Three Python/C-API functions — PyObject_IsTrue, PyObject_IsInstance, and PyLong_AsSsize_t — return -1 to signal an error and -1 can be a legitimate data value. zstandard does not distinguish the two at ~15 sites. Observable consequences:

  • PyObject_IsTrue: -1 is stored as an int field value (closefd = -1, read_across_frames = -1, ...) or used in !r / r == 0 comparisons, returning success with a pending exception → SystemError: <method> returned a result with an exception set (fatal abort on debug builds).
  • PyObject_IsInstance: !r maps -1 to 0 (false), silently replacing the caller's exception with TypeError("dict_data must be zstd.ZstdCompressionDict").
  • PyLong_AsSsize_t: legitimate -1 is conflated with the error sentinel without checking PyErr_Occurred(); from_level(dict_size=-1) takes the error branch without setting an exception → SystemError: returned NULL without setting an exception (fatal abort on debug builds).

Impact

  • Severity: Fatal SystemError on debug builds; silent wrong behavior / clobbered exceptions on release.
  • Reachability: Standard Python — pass a __bool__ that raises, a negative dict_size, or a __instancecheck__ that raises. No unusual setup.
  • Version: 0.25.0 (commit 7a77a75).
  • Platform: Confirmed Linux x86_64 / CPython 3.14 debug; bug is platform-independent.

Reproducers

PyObject_IsTrue — 11 sites, one trigger pattern

import zstandard, io

class BadBool:
    def __bool__(self):
        raise ValueError("bad bool")

comp = zstandard.ZstdCompressor()
comp.stream_writer(io.BytesIO(), closefd=BadBool())
# Fatal Python error: <method 'stream_writer'> returned a result with an exception set
# SystemError: <method 'stream_writer'> returned a result with an exception set

All 11 confirmed sites:

comp.stream_reader(source, closefd=BadBool())
comp.stream_writer(dest, closefd=BadBool())
comp.stream_writer(dest, write_return_read=BadBool())
decomp.stream_reader(source, closefd=BadBool())
decomp.stream_reader(source, read_across_frames=BadBool())
decomp.stream_writer(dest, closefd=BadBool())
decomp.stream_writer(dest, write_return_read=BadBool())
decomp.decompress(data, allow_extra_data=BadBool())
zstandard.ZstdCompressor(write_checksum=BadBool())
zstandard.ZstdCompressor(write_content_size=BadBool())
zstandard.ZstdCompressor(write_dict_id=BadBool())

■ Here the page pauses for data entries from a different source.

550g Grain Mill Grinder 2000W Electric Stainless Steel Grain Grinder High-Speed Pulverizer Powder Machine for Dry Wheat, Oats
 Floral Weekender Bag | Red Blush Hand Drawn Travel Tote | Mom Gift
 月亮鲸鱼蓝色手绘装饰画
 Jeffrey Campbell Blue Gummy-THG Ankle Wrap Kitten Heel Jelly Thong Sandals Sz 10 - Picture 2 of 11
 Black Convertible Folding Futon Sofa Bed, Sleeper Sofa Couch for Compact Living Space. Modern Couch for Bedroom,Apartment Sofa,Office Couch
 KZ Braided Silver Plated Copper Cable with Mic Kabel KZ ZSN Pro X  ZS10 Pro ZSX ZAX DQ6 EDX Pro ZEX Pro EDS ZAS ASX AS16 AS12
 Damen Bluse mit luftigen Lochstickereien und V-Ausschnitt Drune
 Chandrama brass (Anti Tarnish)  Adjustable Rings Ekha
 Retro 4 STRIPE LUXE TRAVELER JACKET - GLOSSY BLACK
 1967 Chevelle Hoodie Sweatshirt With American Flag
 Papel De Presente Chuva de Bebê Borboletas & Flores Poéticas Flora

PyLong_AsSsize_tfrom_level(dict_size=-1) aborts

import zstandard
zstandard.ZstdCompressionParameters.from_level(3, dict_size=-1)
# Fatal Python error: returned NULL without setting an exception
# SystemError: <built-in method from_level> returned NULL without setting an exception

PyObject_IsInstance — 3 sites

Pattern: !PyObject_IsInstance(obj, ...) in validation for the dict_data kwarg on compressor / decompressor init. Confirmed by static review — reproducing requires a non-cooperative __instancecheck__, which is less idiomatic to construct than BadBool. Impact is exception clobbering rather than a crash: caller's exception from __instancecheck__ is replaced with TypeError("dict_data must be zstd.ZstdCompressionDict").

Root cause

All three APIs return -1 on error and -1 can be a valid value. The correct patterns:

  • PyObject_IsTrue / PyObject_IsInstance: check < 0 before using the return as a boolean.
  • PyLong_AsSsize_t: when the result is -1, check PyErr_Occurred() to distinguish a legitimate -1 from an error.

zstandard stores the PyObject_IsTrue return directly into an int field (result->closefd = PyObject_IsTrue(obj);), uses !PyObject_IsInstance(...) without a prior < 0 check, and takes a goto cleanup on PyLong_AsSsize_t == -1 without consulting PyErr_Occurred.

Affected sites

PyObject_IsTrue — 11

File Line(s) Kwarg / field
c-ext/compressor.c 487 write_checksum, write_content_size, write_dict_id (init)
c-ext/compressor.c 752-754 closefd, write_return_read on stream_reader / stream_writer
c-ext/decompressor.c 381 closefd on stream_reader
c-ext/decompressor.c 431 read_across_frames
c-ext/decompressor.c 562-563 closefd, write_return_read on stream_writer
c-ext/decompressor.c 614-615 allow_extra_data on decompress()

PyObject_IsInstance — 3

File Line Context
c-ext/compressor.c 128 dict_data type check in ZstdCompressor_init
c-ext/compressor.c 140 dict_data type check (2nd occurrence)
c-ext/decompressor.c 78 dict_data type check in Decompressor_init

PyLong_AsSsize_t — reported site

File Line Context
c-ext/compressionparams.c 271 dict_size parameter to from_level()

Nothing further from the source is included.